## INSTRUCTIONS FOR THE TASK:
The lines to copy run from the one containing "A suburban dad" to the end of the records below; repeat them exactly and include nothing else.

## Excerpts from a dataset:
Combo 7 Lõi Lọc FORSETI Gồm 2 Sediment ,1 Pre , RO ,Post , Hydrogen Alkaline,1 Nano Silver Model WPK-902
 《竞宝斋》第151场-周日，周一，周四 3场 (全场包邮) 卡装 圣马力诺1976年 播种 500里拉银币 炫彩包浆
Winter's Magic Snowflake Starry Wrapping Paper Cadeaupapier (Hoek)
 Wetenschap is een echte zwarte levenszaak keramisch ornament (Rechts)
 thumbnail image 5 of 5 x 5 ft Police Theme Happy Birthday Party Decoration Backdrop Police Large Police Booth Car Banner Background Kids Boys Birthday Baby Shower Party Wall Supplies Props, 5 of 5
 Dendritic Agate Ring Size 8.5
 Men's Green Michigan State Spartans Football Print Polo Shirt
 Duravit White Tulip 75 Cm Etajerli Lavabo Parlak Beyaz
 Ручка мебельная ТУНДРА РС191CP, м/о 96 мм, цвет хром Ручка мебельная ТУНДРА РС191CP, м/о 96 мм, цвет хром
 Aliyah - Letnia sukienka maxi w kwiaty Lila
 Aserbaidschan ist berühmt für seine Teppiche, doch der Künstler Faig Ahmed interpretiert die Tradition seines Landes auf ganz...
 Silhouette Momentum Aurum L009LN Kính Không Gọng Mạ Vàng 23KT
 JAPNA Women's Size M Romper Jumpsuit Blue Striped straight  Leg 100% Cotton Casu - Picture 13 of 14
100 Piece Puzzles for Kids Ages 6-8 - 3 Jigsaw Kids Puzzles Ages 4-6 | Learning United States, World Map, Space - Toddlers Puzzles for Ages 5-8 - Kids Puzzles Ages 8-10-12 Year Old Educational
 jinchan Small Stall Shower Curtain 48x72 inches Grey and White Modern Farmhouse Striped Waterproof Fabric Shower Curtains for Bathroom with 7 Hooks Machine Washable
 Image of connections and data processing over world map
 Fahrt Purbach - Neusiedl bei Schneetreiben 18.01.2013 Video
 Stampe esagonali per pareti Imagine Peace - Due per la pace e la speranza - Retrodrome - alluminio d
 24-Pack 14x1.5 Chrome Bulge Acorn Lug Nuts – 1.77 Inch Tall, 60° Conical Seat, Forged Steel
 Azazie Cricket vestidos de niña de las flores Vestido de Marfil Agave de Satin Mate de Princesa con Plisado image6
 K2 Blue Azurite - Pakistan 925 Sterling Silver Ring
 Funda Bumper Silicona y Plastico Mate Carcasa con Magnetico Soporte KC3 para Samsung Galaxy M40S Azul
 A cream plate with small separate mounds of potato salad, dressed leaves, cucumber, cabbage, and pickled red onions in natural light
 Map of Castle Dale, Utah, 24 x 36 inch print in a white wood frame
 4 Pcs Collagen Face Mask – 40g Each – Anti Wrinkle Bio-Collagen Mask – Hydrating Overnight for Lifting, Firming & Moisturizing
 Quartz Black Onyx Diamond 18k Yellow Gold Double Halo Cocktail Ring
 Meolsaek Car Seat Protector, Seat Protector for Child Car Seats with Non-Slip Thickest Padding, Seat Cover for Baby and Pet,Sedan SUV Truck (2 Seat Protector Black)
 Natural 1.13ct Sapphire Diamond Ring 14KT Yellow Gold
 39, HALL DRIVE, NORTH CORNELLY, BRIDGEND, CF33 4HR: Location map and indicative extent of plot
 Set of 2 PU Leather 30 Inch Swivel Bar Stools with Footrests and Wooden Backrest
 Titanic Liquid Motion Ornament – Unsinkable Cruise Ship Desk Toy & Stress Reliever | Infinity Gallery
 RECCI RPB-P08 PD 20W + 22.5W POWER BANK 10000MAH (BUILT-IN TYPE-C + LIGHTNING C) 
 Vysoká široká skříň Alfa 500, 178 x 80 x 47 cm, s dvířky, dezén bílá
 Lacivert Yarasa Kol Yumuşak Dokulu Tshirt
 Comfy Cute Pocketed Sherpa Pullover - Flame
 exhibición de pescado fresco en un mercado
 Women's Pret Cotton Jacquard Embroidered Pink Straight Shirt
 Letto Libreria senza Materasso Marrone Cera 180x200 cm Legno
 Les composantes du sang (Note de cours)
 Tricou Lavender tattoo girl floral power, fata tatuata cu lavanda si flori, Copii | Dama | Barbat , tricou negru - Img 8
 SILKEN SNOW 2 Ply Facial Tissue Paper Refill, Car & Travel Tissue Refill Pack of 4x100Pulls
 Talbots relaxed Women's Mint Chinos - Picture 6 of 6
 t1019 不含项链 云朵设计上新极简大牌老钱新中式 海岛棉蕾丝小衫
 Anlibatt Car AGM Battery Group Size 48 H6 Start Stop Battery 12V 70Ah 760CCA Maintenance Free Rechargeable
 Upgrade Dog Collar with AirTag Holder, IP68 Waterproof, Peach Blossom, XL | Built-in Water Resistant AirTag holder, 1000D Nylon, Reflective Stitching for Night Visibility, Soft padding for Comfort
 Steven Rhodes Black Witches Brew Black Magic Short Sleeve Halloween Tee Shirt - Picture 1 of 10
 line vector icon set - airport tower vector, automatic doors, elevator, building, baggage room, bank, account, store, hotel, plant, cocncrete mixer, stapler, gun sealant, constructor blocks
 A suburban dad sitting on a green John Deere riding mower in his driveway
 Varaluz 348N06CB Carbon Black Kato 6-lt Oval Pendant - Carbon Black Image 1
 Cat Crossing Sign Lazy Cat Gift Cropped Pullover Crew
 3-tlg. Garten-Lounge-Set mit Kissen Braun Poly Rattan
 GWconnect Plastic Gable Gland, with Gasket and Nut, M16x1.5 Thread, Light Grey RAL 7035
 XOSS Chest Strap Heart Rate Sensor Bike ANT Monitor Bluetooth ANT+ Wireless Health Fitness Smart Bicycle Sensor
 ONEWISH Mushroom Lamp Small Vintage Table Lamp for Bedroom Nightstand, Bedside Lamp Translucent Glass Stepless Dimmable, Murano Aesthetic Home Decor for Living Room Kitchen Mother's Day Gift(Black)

## ANSWER AREA:
 A suburban dad sitting on a green John Deere riding mower in his driveway
 Varaluz 348N06CB Carbon Black Kato 6-lt Oval Pendant - Carbon Black Image 1
 Cat Crossing Sign Lazy Cat Gift Cropped Pullover Crew
 3-tlg. Garten-Lounge-Set mit Kissen Braun Poly Rattan
 GWconnect Plastic Gable Gland, with Gasket and Nut, M16x1.5 Thread, Light Grey RAL 7035
 XOSS Chest Strap Heart Rate Sensor Bike ANT Monitor Bluetooth ANT+ Wireless Health Fitness Smart Bicycle Sensor
 ONEWISH Mushroom Lamp Small Vintage Table Lamp for Bedroom Nightstand, Bedside Lamp Translucent Glass Stepless Dimmable, Murano Aesthetic Home Decor for Living Room Kitchen Mother's Day Gift(Black)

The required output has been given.